You and former DNR Commissioner Tom Landwehr both approved permits for the controversial PolyMet copper-nickel mine planned for northern Minnesota. How are you looking back at those decisions?
In general, I had strayed away from deciding what I thought personally was right and was wrong, because if I did that, I would have doubted every decision.
Some people might think I felt one way or another way about the PolyMet decision. I viewed the system as what it is. It's right because that's what we approved.
So, making the decision along the lines of those requirements, I never felt like I was making the wrong decision. I knew I was making a hard decision that people were not going to like.
But I often would tell people, 'If you don't like this decision, your misplaced frustration is on me. You need to change the system in which this decision got made.'
I was often frustrated that people focused on the episode, which is like, 'Am I getting to pass Go on the Monopoly board or not,' whereas people should really be asking the question, 'Is the Monopoly board the right board?'
Do you believe copper and nickel can be mined in Minnesota without water pollution?
I do. The mining is of copper, nickel, palladium, gold — those resources are going to mined somewhere in the world. There's an argument to be made that it could be done somewhere else with much more devastating environmental effects on that place.
So, at some level, we are global citizens and we have to ask ourselves, 'Do we have the mindset and the temperament to control pollution and environmental damage here, more than somewhere else?'
I think that's a fair question. I think that people should debate it. I believe that it can be done here. And I believe that the design of that mine was in cooperation with our requirements when I worked at the MPCA. I believe that their design was sufficient to protect water quality.
What's the biggest environmental threat to Minnesota?
Consumption. People and our desire to have a convenient lifestyle are going to consume more resources than the planet can produce. And we're not yet in a system that provides materials that can be repurposed and reused in their natural state.

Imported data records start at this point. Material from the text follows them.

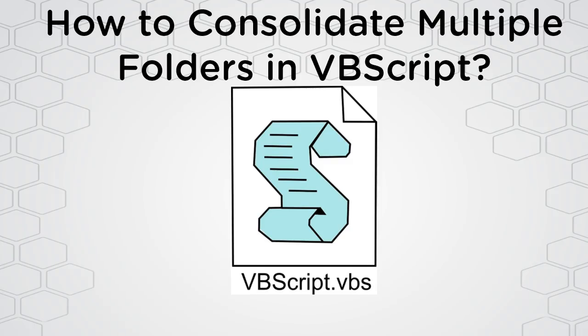Today's Q&A with Dr. B is about how to consolidate multiple folders using a VBScript.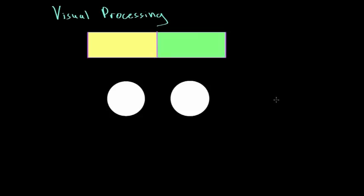In this video we're going to talk about visual processing — how our brain is able to make sense of what we're looking at. In most of our body, the right side is controlled by the left side of the brain, and the left side of the body is controlled by the right side of the brain. So how does this work in vision?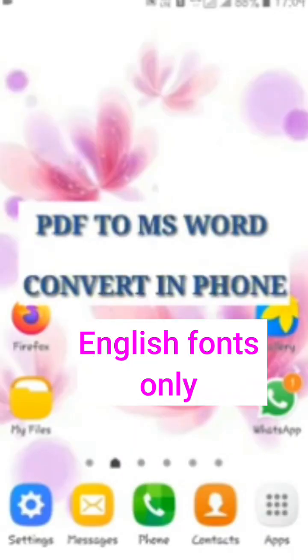Here in this video I am going to explain how to convert PDF files to MS Word very easily in your phone.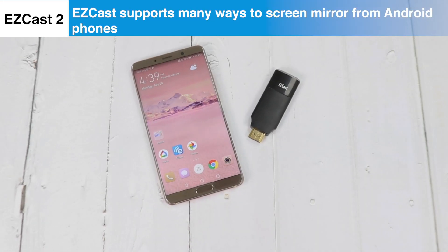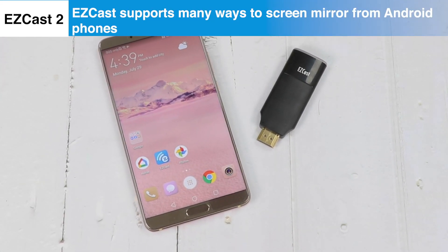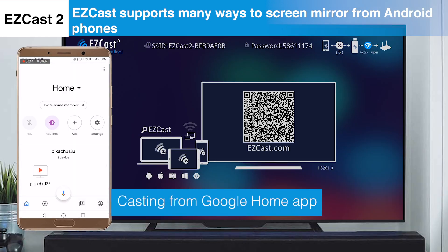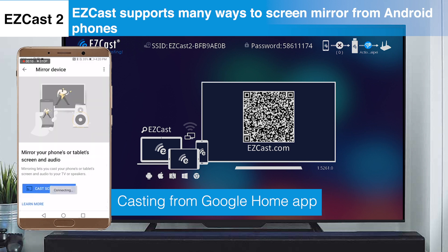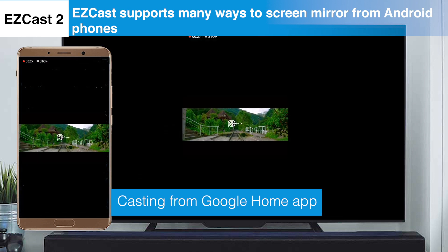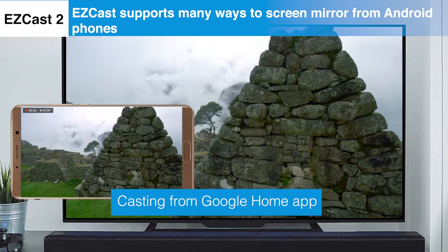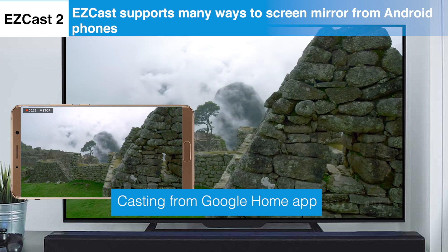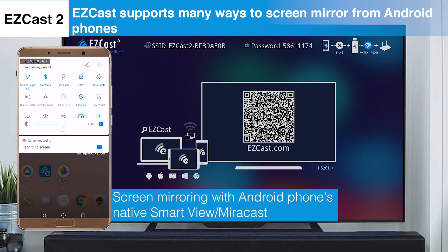Let's look at the screen mirroring performances of the two. EasyCast supports many ways to screen mirror from Android phones. The first method is using the Google Home app to cast the phone screen. Landscape videos can play in full screen when you rotate your phone. EasyCast supports Android phone's native mirror cast feature too.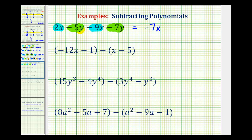And then for this minus five y, we could write this as plus negative five y. So we'll think of this as negative five y minus seven y. And since negative five minus seven is negative twelve, we'll have negative twelve y, which we can write as minus twelve y.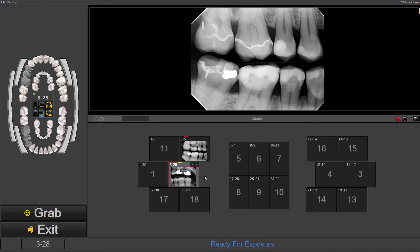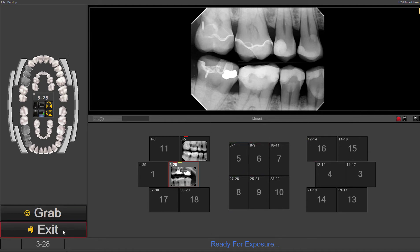We can rotate it and put it in different orientations as well. So when you're dealing with an emergency, you can override the sequence, acquire images under a specific tooth number, take multiple images in the same box, and it will all be saved.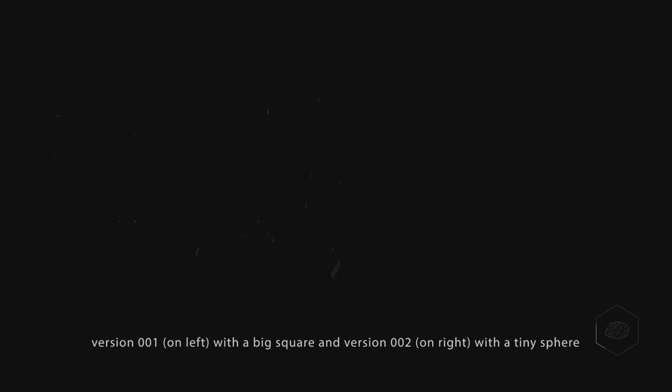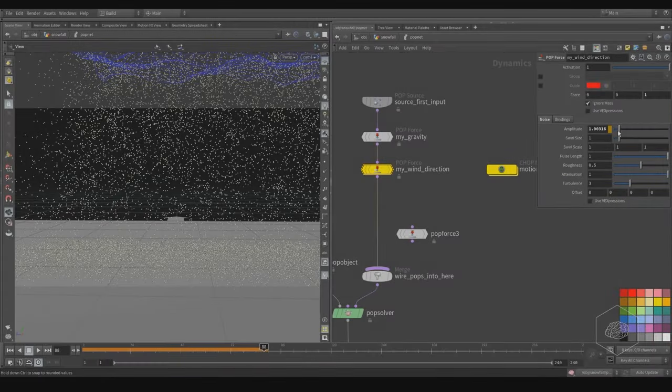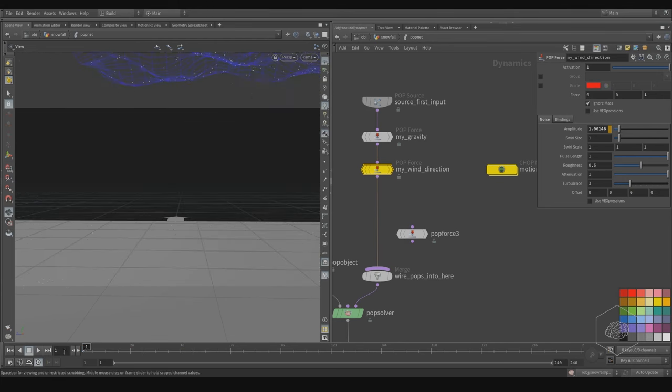In this example I want to show you how to use particles to create the snowfall. I also want to show you how to composite your render. I won't go too deep into compositing because it's not my specialization, but I want to show you how to manage different sequences.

So we're still extractive in our consumption of fuels, our consumption of products and basically our transportation and our air quality. Everything is hinged around our consumptive lifestyle.
We need to have a more sustainable system in place for materials, for energy, for transportation, for our lives — and none of us is free from that.

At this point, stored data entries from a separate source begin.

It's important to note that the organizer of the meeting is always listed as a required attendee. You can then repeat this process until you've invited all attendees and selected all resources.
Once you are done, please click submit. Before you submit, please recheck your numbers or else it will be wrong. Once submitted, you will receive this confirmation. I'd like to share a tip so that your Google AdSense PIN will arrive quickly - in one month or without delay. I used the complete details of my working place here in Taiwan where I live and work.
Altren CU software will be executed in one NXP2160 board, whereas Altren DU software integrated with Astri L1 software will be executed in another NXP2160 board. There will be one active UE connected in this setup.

We all have this challenge as a society, so I'm not trying to say there are bad actors that should just clean up their act and everything would get better. It's all of us.

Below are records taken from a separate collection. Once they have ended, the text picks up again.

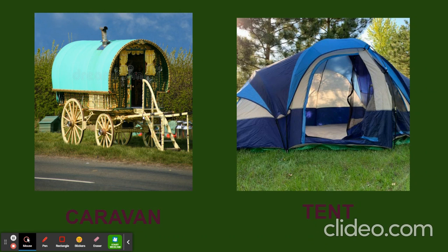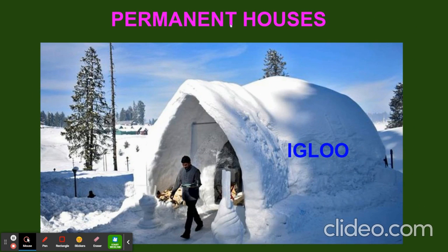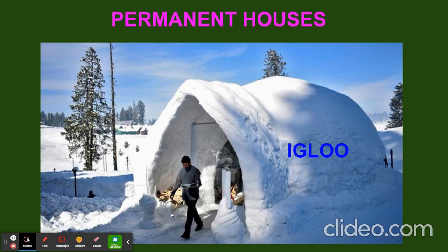Now we are going to see permanent houses. Some people live in a place for a long time — we all live in permanent houses. One of the houses is igloo. Where the place is covered with snow, they make the house with the snow, and it is called an igloo. Some places are covered with snow, and people who live in these places build houses with snow. Their shape keeps the families warm inside. When it is snowy outside you feel cold, but when you stay inside the igloo, it is warm. So this is one of the permanent houses — igloo.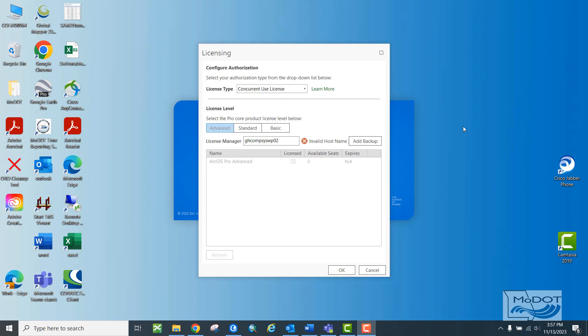This will be a short video that shows you how to get into the MoDOT license server so that you can get started using ArcGIS Pro.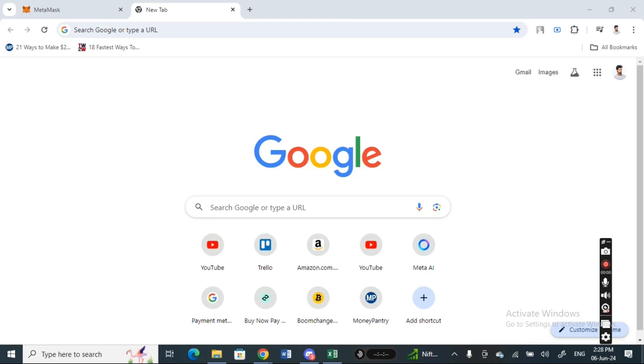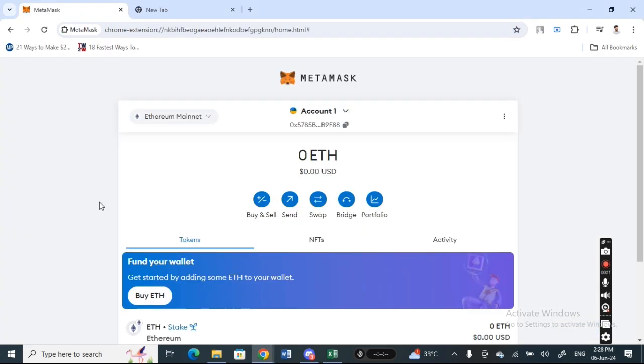Hi everyone, welcome back to our channel. Today in this video I'm going to quickly show you how to transfer or send from MetaMask to a software wallet. So let's get into the video. If you open up MetaMask and open up your MetaMask account here,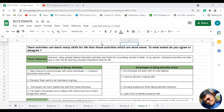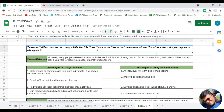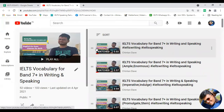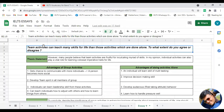Hello friends, welcome to English Ka Gyan. Today we are going to discuss a new topic for IELTS. But before we do that, let me tell you about my playlist on my YouTube channel in which I have discussed around 100 advanced vocabulary words which you can learn on a daily basis. Definitely your vocabulary will be improved, so please go through those videos in that playlist too.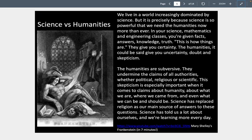Science gives us certainty — we learn what things are. We now know there's an entire invisible world and universe we can't see with the naked eye, and that's helped us understand our place in the world. Yet what the humanities seem to always give us is uncertainty, doubt, skepticism, and questions. Questions always arise as I'm studying the humanities. The humanities are often subversive, undermining the claims of authorities — whether political, religious, or scientific.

s Minnesota in a good position to make progress on problems like water quality and climate change?
Minnesotans are keenly interested in making a difference, and we believe in the possibility of making a difference.
I think that people here genuinely agree that if we focus on a problem together we can solve it. The Minnesota Miracle under Gov. Wendell Anderson in the mid-'70s and the 2008 Clean Water, Land and Legacy Amendment are examples.
People have the will to make a political and a social difference here. Part of that is mobilizing the voice of our people statewide, because if we divide ourselves urban versus rural or metro versus non-metro and we don't focus on our shared challenge, then I think we lose that opportunity of having a common voice.
So that's the challenge that I think faces us, is connecting people across Minnesota rather than trying to divide ourselves. We need to really unite.
What are you most looking forward to in leading an environmental nonprofit?
The fun part is really getting more people engaged in what it means to accomplish our mission, which is to value and conserve and preserve the water of Minnesota.
I also like empowering voices of people who can tell their stories about what they've done to succeed. Even if they didn't fully succeed, but they got part of the way there, that's encouraging too, whether it's with groundwater or on a lake.
Sometimes I think we get focused on how far we have to go, but we have 60 percent of our state that has the water quality that we value. So all is not lost. We have a great story to tell in Minnesota, and we should celebrate that.